Vedere l’albero e la foresta.
Curare i dettagli mantenendo uno sguardo globale, una visione unitaria. L’opera – qualsiasi opera, anche quella apparentemente più semplice – quando è ben costruita è attraversata da una fitta rete in cui l’insieme degli elementi comunicano tra loro. Una sorta di microcosmo. E il compito che come autori ci troviamo a svolgere è quello di tutelarne l’organicità. Spesso è un equilibrio sottile, una questione di sfumature, di pesi leggerissimi, che richiede la massima cura. Ma il paradosso che rende ancora più complicata questa operazione, è che in fase di composizione e di “scrittura” con la precisione non bisogna esagerare. Perché in teatro lo spettacolo, alla fin fine, pesa interamente sulle spalle degli attori. Sono loro a farlo, la vita è tutta nelle loro mani. Bisogna lasciare che siano loro a trovare l’equilibrio finale. Non a caso un vecchio adagio zen recita: “Quando l’acqua è troppo pulita, i pesci muoiono”.

Due più due.
Uno degli aspetti cruciali che forse ci ha portato a eleggere le “figure” come insostituibili alleate del nostro processo compositivo, riguarda l’immaginazione. Il teatro è il tempio dell’immaginazione, poiché assistendo a uno spettacolo lo spettatore è sempre chiamato a riempire dei vuoti e, per quanto ci riguarda, le figure ne rappresentano la quintessenza.
Nella nostra pratica di scrittura questo “ingrediente”, questo contributo da parte dello spettatore – la sua immaginazione – è un elemento essenziale dal quale non possiamo prescindere. Scriviamo dei pieni e lasciamo dei vuoti e la nostra grande sfida è sempre quella di trovare l’equilibrio giusto. “Lascia che sia lo spettatore a fare due più due uguale quattro.

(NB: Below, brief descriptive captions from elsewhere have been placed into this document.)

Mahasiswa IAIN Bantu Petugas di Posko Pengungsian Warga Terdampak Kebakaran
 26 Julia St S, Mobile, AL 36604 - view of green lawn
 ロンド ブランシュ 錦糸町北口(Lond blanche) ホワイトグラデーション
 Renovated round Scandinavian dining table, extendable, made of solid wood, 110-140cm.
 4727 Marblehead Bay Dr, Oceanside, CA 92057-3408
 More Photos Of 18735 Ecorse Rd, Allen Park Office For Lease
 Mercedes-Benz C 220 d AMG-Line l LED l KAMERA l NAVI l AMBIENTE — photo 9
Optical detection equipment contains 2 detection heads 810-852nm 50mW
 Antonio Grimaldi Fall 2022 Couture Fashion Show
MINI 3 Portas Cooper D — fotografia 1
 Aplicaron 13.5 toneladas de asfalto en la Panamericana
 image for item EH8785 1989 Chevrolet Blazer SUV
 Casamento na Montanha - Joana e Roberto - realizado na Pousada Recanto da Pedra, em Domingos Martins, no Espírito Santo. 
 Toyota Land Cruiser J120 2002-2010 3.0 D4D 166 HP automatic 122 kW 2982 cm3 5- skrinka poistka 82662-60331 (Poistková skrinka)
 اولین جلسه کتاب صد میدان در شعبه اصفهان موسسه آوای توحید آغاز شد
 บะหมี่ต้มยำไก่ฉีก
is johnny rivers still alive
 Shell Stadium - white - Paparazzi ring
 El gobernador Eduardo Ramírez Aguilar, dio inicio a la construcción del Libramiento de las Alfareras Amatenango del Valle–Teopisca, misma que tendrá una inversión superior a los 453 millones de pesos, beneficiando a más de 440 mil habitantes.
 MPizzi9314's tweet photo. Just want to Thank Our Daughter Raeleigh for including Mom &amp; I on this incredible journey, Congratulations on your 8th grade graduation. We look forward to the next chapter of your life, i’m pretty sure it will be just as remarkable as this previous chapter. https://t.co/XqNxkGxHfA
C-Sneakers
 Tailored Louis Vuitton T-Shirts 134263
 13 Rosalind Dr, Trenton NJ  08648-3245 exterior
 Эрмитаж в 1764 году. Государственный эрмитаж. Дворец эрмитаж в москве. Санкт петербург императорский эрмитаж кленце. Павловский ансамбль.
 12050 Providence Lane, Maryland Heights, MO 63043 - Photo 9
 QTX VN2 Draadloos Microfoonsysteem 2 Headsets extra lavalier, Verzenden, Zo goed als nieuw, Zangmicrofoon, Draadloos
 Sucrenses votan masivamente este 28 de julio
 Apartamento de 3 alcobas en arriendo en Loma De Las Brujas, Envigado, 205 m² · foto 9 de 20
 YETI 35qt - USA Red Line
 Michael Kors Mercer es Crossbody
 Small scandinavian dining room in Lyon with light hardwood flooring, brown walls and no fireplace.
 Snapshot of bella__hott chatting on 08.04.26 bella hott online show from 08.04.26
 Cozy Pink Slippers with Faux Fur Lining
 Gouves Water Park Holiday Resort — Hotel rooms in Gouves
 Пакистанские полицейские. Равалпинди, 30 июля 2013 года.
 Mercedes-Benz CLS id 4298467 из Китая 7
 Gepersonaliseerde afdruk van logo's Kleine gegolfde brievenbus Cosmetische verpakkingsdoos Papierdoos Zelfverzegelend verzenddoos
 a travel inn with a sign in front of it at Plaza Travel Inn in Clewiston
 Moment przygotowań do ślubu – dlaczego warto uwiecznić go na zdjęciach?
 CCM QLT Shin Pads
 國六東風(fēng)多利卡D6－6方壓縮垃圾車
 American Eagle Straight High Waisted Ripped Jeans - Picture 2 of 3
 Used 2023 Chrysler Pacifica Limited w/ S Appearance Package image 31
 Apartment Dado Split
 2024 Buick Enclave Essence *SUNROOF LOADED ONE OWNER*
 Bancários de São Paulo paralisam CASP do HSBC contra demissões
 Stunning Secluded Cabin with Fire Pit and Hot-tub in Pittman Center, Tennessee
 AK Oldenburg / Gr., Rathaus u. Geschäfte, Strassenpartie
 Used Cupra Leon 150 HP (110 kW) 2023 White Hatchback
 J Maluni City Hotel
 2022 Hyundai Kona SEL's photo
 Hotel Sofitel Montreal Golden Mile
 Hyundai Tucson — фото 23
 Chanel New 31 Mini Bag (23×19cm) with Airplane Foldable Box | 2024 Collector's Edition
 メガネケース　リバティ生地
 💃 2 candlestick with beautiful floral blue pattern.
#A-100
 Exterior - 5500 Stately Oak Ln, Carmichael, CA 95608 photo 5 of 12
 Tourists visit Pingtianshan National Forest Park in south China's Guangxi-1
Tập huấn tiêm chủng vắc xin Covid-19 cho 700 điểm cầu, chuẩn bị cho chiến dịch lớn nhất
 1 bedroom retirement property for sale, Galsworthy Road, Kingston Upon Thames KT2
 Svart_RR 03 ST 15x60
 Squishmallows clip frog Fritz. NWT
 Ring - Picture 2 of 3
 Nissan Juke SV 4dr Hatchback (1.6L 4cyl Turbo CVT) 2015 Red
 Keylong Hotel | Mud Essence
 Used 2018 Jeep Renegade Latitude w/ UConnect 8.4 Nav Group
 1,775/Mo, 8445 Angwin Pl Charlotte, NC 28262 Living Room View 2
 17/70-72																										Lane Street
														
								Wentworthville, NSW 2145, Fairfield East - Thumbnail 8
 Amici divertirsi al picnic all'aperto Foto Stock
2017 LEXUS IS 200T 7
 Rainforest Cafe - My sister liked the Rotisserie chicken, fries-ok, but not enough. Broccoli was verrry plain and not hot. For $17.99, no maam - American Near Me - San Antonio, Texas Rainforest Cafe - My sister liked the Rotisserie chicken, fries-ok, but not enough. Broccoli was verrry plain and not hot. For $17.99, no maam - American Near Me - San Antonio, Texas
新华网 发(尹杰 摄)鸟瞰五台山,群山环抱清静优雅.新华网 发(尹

Te ne sarà per sempre grato” diceva Billy Wilder. In fondo scriviamo e creiamo con le figure, anche per questo: perché la loro vita, più di tutte, dipende dall’immaginazione dello spettatore. Ha bisogno della sua partecipazione e della sua complicità. E questa è una delle non ultime ragioni per cui amiamo farlo. Tenere viva la semplicità di questo atto, che il contemporaneo sembra aver atrofizzato, che è immaginare.